Asia Bibi, une ouvrière agricole pakistanaise, mère de cinq enfants, dont la condamnation à mort, en 2010, pour « blasphème » a été annulée, le 31 octobre, par la Cour suprême, a quitté son pays pour le Canada. Cette chrétienne avait été poursuivie à la suite d’une dispute avec des villageoises pour avoir bu l’eau d’un puits réservé en principe aux musulmans. Elle résidait, depuis, dans un lieu tenu secret et protégé par les autorités par crainte de représailles de groupes religieux extrémistes.

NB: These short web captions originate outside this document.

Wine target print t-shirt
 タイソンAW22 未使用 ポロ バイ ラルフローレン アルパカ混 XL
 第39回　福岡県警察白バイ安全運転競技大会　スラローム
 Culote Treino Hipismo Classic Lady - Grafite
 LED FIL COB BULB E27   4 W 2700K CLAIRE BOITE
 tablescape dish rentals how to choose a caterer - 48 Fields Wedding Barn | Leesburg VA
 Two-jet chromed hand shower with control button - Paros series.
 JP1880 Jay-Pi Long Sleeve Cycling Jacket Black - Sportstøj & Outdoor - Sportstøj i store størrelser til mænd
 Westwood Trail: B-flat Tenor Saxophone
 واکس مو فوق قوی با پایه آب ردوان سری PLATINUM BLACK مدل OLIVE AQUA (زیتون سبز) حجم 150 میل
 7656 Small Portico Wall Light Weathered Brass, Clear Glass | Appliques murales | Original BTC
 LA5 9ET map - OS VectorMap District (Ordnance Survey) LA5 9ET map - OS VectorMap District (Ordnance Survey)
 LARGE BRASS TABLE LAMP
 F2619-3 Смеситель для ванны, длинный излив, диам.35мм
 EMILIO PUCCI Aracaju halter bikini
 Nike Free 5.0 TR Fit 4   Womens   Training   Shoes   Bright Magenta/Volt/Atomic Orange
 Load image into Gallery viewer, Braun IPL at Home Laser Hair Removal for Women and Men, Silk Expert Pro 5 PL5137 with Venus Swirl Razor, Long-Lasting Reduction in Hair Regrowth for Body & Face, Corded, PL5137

Le premier ministre canadien, Justin Trudeau, s’est refusé, mercredi 8 mai, à confirmer l’information « pour des raisons de vie privée et de sécurité ». Mais, le même jour, Theresa May, première ministre britannique, a laissé entendre, devant la chambre des Communes, qu’Asia Bibi avait « pu voyager librement » sans fournir plus de détails. Islamabad a assuré, mercredi, sous le sceau de l’anonymat, qu’elle avait « quitté le Pakistan de son plein gré ».
Le destin d’Asia Bibi a suscité des réactions dans le monde entier. Le chef de la diplomatie américaine, Mike Pompeo, a réagi, mercredi, en affirmant que « les Etats-Unis saluent cette nouvelle (…) [et qu’]Asia Bibi est libre désormais ». Il a ajouté que Washington « condamnait également de façon univoque les lois antiblasphème partout dans le monde ». Les papes Benoît XVI et François avaient également pris position en sa faveur et l’une des filles d’Asia Bibi s’était même rendue au Saint-Siège à deux reprises.
C’est l’épilogue d’une affaire de village devenue emblématique, à la fois, des dérives de la loi sur le blasphème au Pakistan et d’un traitement iconique du côté occidental, y voyant le symbole d’une confrontation entre le monde chrétien et musulman. Les chrétiens représentent près de 2 % de la population pakistanaise, en majorité musulmane. Appartenant aux couches les plus défavorisées de la société pakistanaise, cette communauté est souvent concentrée dans des bidonvilles et ses membres occupent des métiers précaires.
Asia Bibi, condamnée à mort pour blasphème en 2010, après avoir été accusée par deux villageoises musulmanes avec qui elle travaillait d’avoir « insulté le prophète » lors d’une querelle autour d’un verre d’eau, écoute des responsables de la prison de Sheikhupura, près de Lahore au Pakistan, le 20 novembre 2010.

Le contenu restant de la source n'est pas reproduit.